▶ _Dataset extract_:
#####

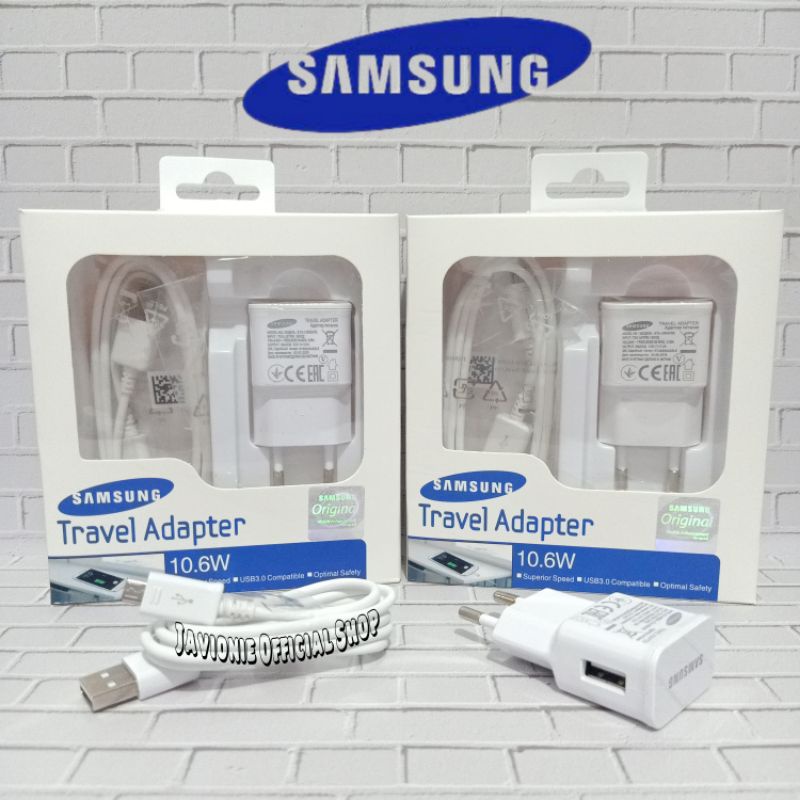 Charger Cas Casan Samsung Galaxy S4 Grand Mega Note Tab 3 Original 5V 2A 10W MICRO USB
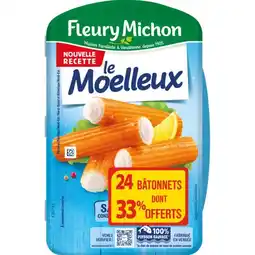 Carrefour FLEURY MICHON Bâtonnets de Surimi offre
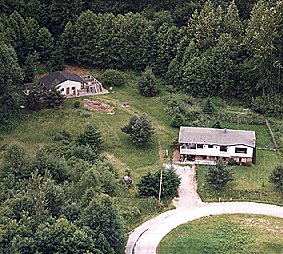 Overview of Rainforest Kennels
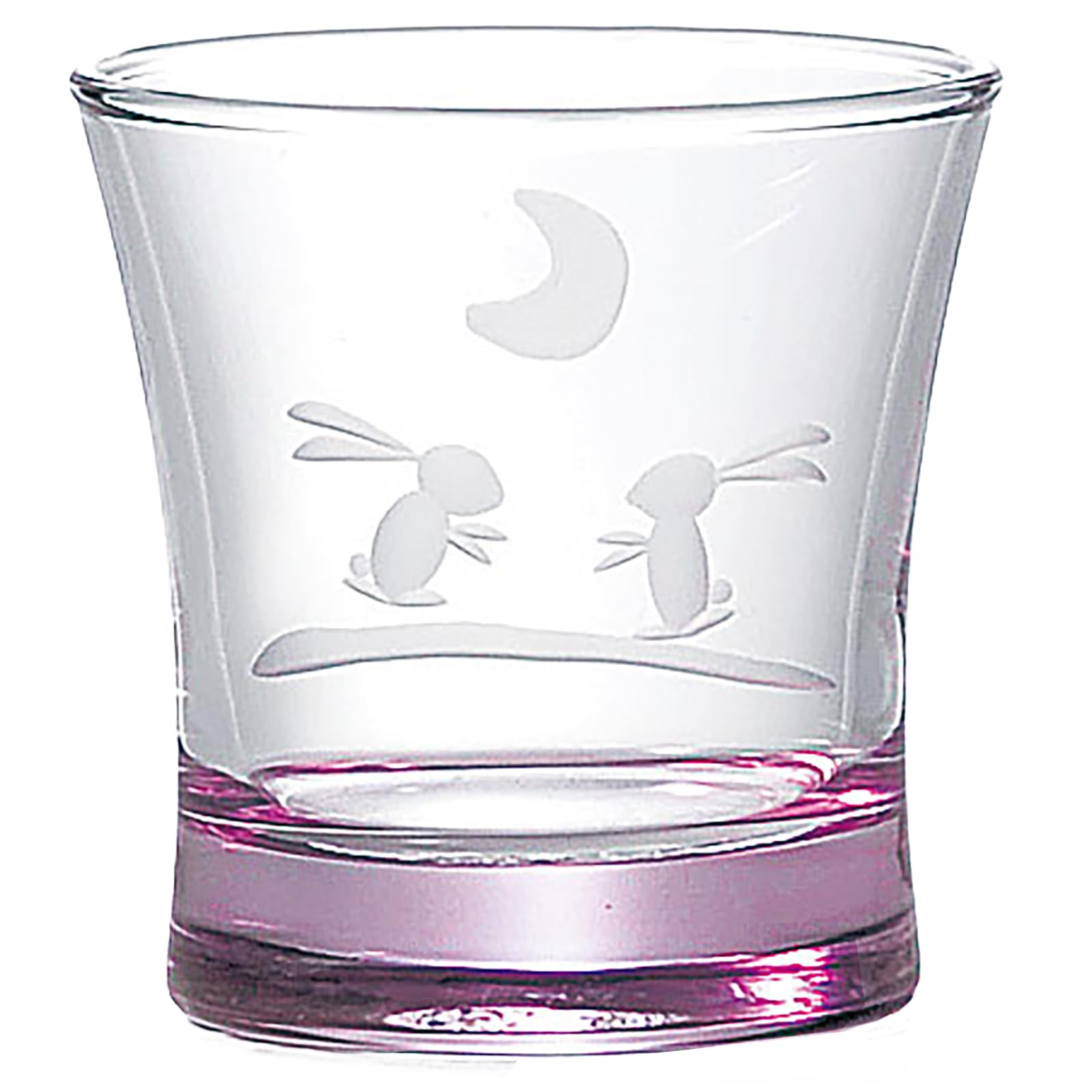 Amazon.co.jp: 大塚硝子 「 月うさぎ 」 日本酒 グラス ぐい呑み 約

#####

▶ _What is required_: Please print all the lines above exactly as given and leave out every picture.

▶ _Exercise response_:
 Charger Cas Casan Samsung Galaxy S4 Grand Mega Note Tab 3 Original 5V 2A 10W MICRO USB
 Carrefour FLEURY MICHON Bâtonnets de Surimi offre
 Overview of Rainforest Kennels
 Amazon.co.jp: 大塚硝子 「 月うさぎ 」 日本酒 グラス ぐい呑み 約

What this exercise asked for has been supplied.